The physical meaning here is very elegant: $H(p)$ is “God’s entropy,” the ultimate randomness inherent in human language itself; while the KL divergence $D_{\text{KL}}(p \parallel q)$ is the information cost (noise) that the model, due to its lack of intelligence, has to pay on average at each step when performing “word-chaining.” The ultimate goal of optimizing the model is to force this cost to approach 0. In contrast, Seq2Seq insists on splitting this unified optimization task, using bidirectional Attention for Span Corruption (fill-in-the-blank) and then Cross-Attention to retrieve Embeddings. This shatters the conditional entropy chain rule that quantifies everything, making the optimization objective in the parameter space extremely impure.

2. Question: Do We Really Want KL Divergence to Be Zero?

Okay, at this point, if someone raises their hand and asks, “According to you, we want $D_{\text{KL}}$ to be as low as possible, so isn’t the ultimate goal for it to be 0? If the model’s distribution is exactly the same as human real-world data samples, wouldn’t it just be a random parrot that memorizes everything?
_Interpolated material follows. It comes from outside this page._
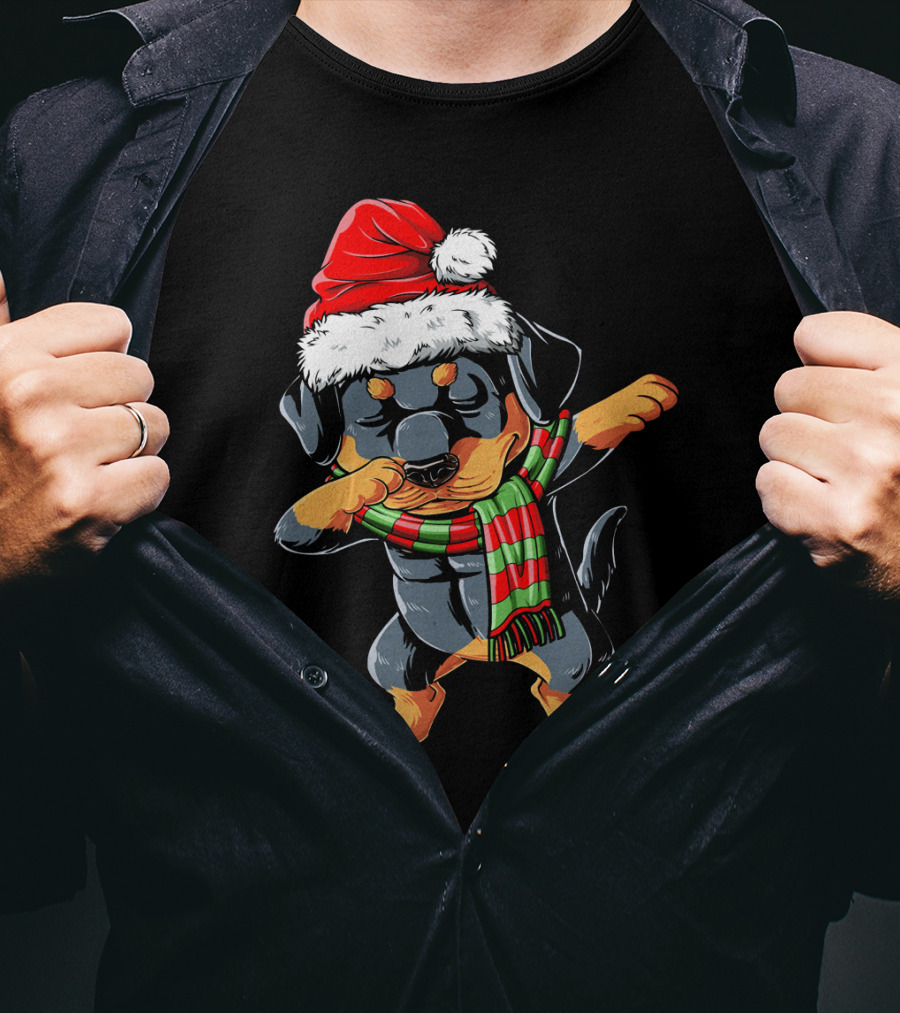 Dabbing Rottweiler Santa With Christmas Hat And Scarf T-Shirt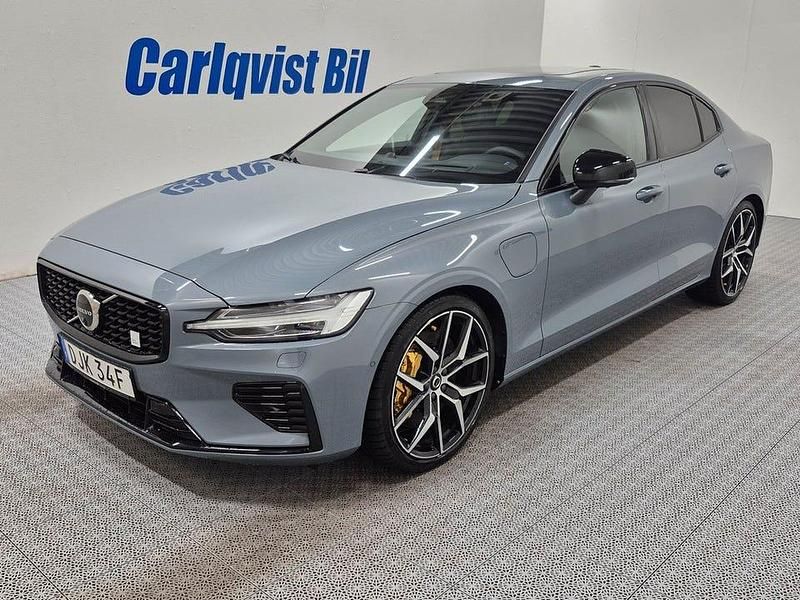 Thunder grey metallic Begagnad 2024 Volvo S60 Sedan | 585 000 kr - Bild 1/4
Where exactly do these ’emergent abilities’ you always talk about come from?” This very question is the ultimate key to unlocking the mystery of the Decoder-only triumph.

The truth is: precisely because of the limitations of physical reality, emergence is actually a byproduct of ’lossy compression.’

The knowledge space, physical laws, and causal logic behind human language (the immense $H(p)$) are virtually infinite. However, the model’s parameters (whether 7B or hundreds of billions) are extremely limited in the hardware world. Statistically, it is absolutely impossible for the model to truly make the KL divergence zero.

In such a desperate situation of limited capacity, yet being forced to push cross-entropy to its absolute minimum, the model finds that rote memorization simply isn’t feasible. The only path to achieve a high score is to be forced, within its internal neurons, to abstract out the underlying operational rules, logical syntax, and causal World Model of this world.

3. Why Does “Fluent Word-Chaining” Equate to “Understanding the World”?

Many people believe that Decoder-only models are merely engaged in superficial probabilistic word-chaining; how could they possibly understand physics or programming?

Let’s conduct a thought experiment. Consider this sentence:

“When a 100 kg person and a 50 kg person go down a slide, the time theoretically required is \underline{\hspace{1cm}}.”

For the model to accurately complete the sentence with “the same” and thus lower its conditional entropy, relying solely on statistical word frequencies would certainly fail. Through the extreme compression and refinement across trillions of tokens, it is implicitly forced to simulate concepts like “gravity” and “friction.”

This is the extraordinary state that Decoder-only models achieve through pure Maximum Likelihood Estimation (MLE). It appears to merely pursue fluency in its output, but because the causal logic behind human text is so stringent, to achieve ultimate coherence, it is forced to become a simulator of this world. Perhaps “understanding” was never the goal, but rather a byproduct created for the sake of “accurate word-chaining.”

Conclusion: How Far Are We From AGI?

As people debate how AGI might be achieved, observing the current operational mode of GPT: first, it uses Prefix LM for internal computation (thinking) about what to output, and then, when it starts generating, it enters a self-regressive state akin to “word-chaining.” If you think about it carefully, this actually aligns quite well with human behavior. After all, once we’ve decided what we want to say in our minds, the subsequent speaking process is often a deterministic chain. Nevertheless, humans continuously “think, speak, and revise” during speech, which is fundamentally different from the current LLMs that generate content in a single pass.

However, it is undeniable that the Decoder-only architecture, with its extreme scalability, pure mathematical objective, and computational efficiency, has indeed brought us to new, previously unimaginable heights in AI.